Torquil Campbell: It’s not that it’s more special, I think that we just had more resources. We had a little more money and I think in order to convince people to buy a hard copy of a CD now, you have to make it something that’s worth possessing physically. We were very conscious of that and we tried to make the hard copy of the record something that you’d want to have for some other reason than just the music on it. That’s just not enough now, because you can get the music in other ways. That was really why we put a lot of effort into making it attractive because we felt that it was harder and harder to get people to buy records. You just have to go that extra length to make people do it.

CoS: And how did the album materialize? What were some of your major influences?

TC: We were very into the idea of, production wise, of records by Fleetwood Mac, Hall & Oates and Phoenix. We focused on getting a very clean, kind of 8/70’s studio sound in the drums, so sonically that was kind of where we were coming from. We were trying to make records that sounded like those records; very dry and very clean sounding music that was often about very dirty and messy things. I think that combination was what we were aiming for and what we tend to aim for in our music.

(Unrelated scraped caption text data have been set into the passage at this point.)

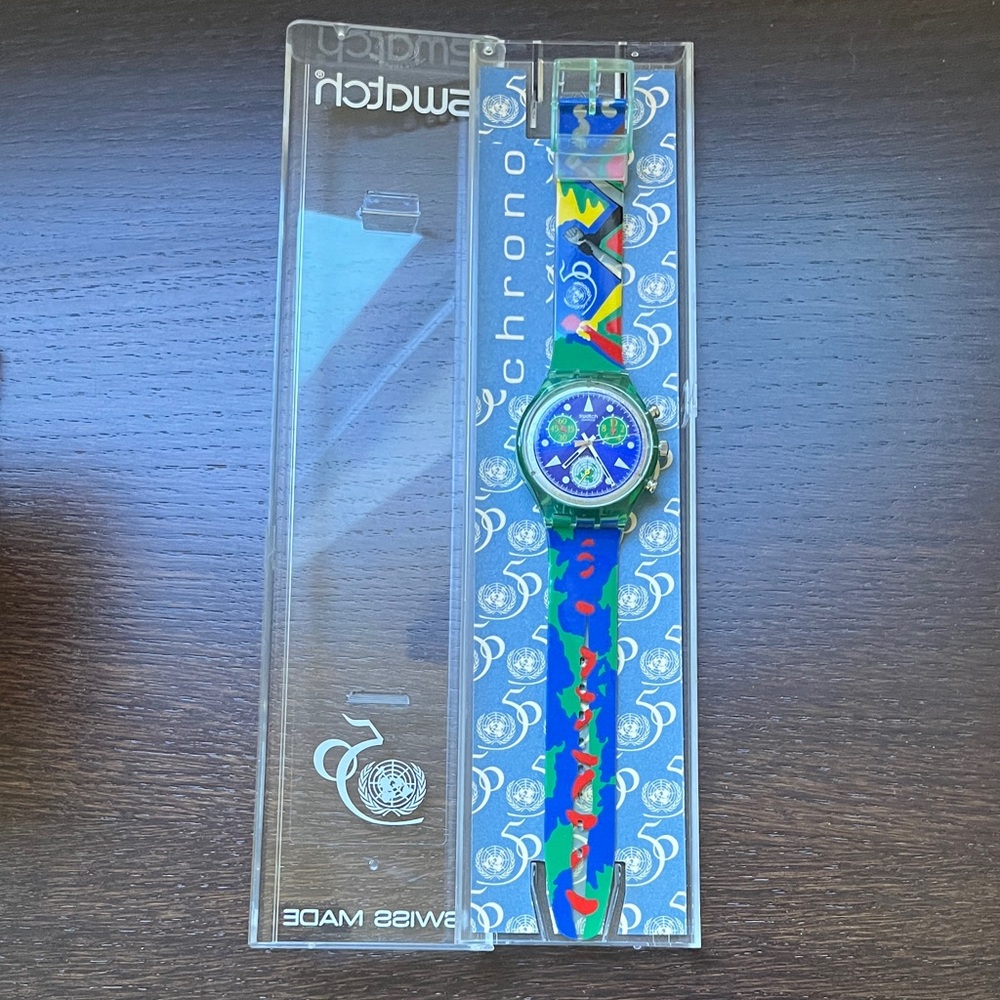 In original case. new & never used Swatch Chrono UN 50th anniversary Watch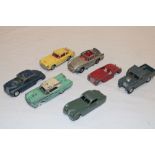 A selection of various diecast vehicles including Dinky Toys 157 Jaguar, Corgi Riley Pathfinder,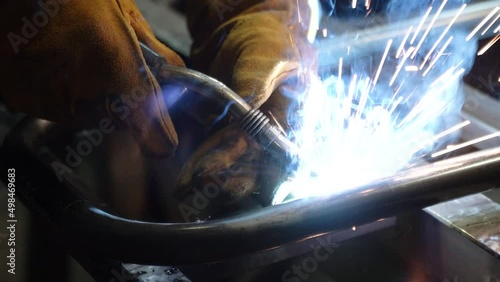 A worker cooks metal on a welding machine in production. a worker with a welding machine to cook parts. Close up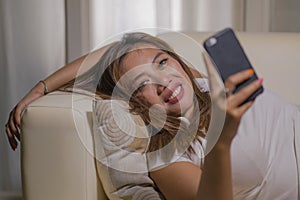 Young attractive happy and relaxed student Asian woman enjoying homey lying at living room sofa couch using internet social media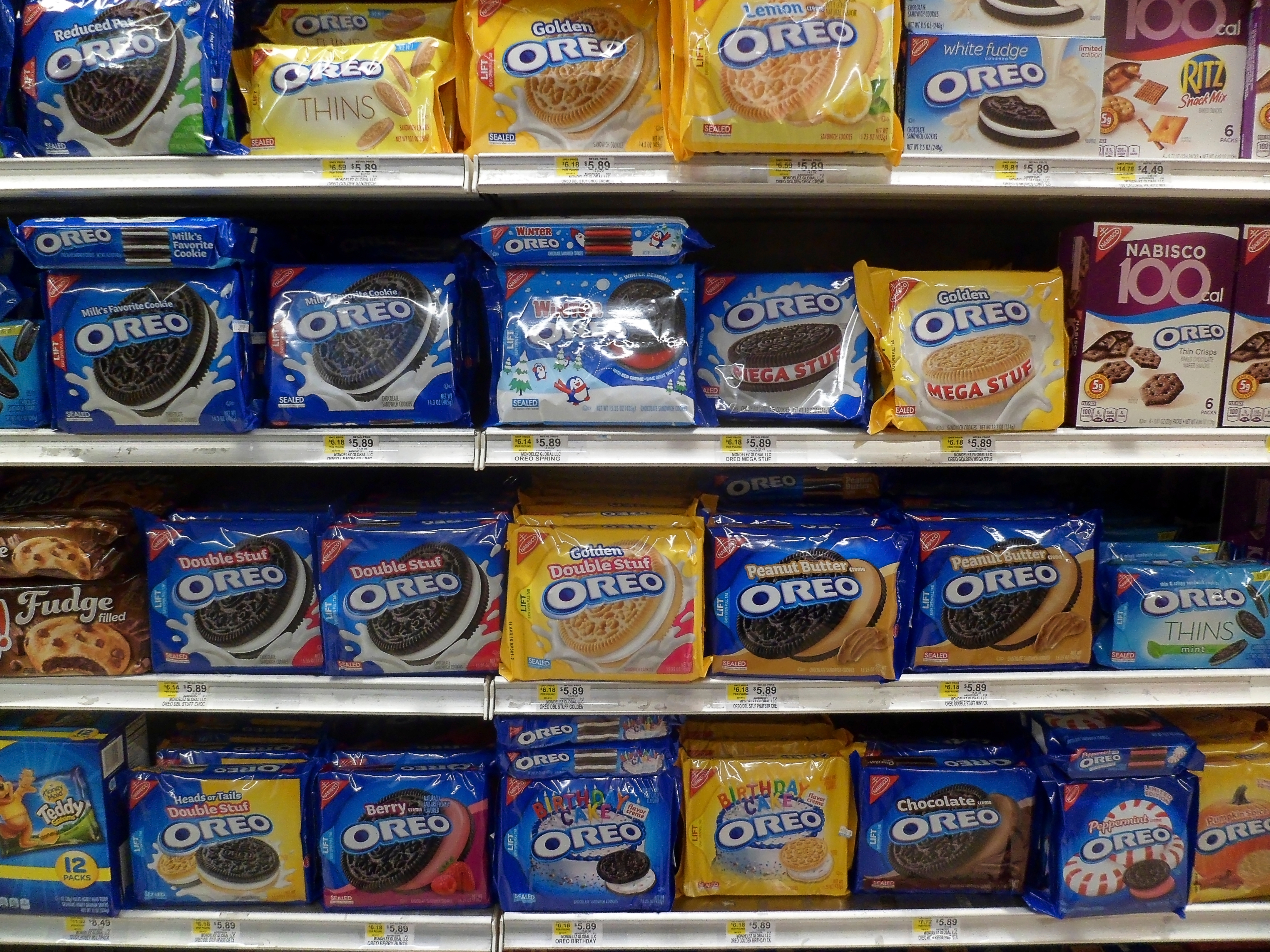 Store shelves filled with various Oreo cookie packages, each featuring different flavors and package designs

The songs are a very pleasant and almost innocuous kind of pop music under which we put a lot of darkness, sorrow, drug use and transvestitism. That tension is something that we have always gone for and we will probably always focus on. I don’t think you’ll ever hear a difficult noise record from us. The hook for us is everything because it’s what keeps the listener coming back. For us that’s the important thing; to develop a lifetime relationship with the people that listen to the music.

CoS: The album’s cohesion is unreal. Do you feel an album is stronger as a concept or as a collection of separate ideas?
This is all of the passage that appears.